[Supplied material]
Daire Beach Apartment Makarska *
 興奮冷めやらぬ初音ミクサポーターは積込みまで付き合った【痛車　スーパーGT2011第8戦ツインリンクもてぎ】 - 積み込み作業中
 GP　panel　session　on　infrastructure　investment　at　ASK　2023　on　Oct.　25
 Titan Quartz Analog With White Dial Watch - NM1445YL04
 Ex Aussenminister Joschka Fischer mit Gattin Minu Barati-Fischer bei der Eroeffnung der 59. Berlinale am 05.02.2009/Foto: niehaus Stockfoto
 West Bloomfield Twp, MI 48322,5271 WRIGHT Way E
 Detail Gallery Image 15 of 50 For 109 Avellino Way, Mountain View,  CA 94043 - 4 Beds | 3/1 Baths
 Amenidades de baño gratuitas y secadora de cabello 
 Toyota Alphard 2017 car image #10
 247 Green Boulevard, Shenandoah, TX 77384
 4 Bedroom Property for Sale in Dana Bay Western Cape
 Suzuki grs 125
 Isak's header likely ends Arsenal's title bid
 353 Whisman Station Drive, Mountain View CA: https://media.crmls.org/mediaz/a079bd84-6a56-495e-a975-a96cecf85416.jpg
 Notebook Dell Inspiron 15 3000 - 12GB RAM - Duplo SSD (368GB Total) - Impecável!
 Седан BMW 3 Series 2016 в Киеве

[To do] Starting with the first line of the listing, output each line exactly until you have included the one containing "Titan Quartz Analog".

[Output of the exercise]
Daire Beach Apartment Makarska *
 興奮冷めやらぬ初音ミクサポーターは積込みまで付き合った【痛車　スーパーGT2011第8戦ツインリンクもてぎ】 - 積み込み作業中
 GP　panel　session　on　infrastructure　investment　at　ASK　2023　on　Oct.　25
 Titan Quartz Analog With White Dial Watch - NM1445YL04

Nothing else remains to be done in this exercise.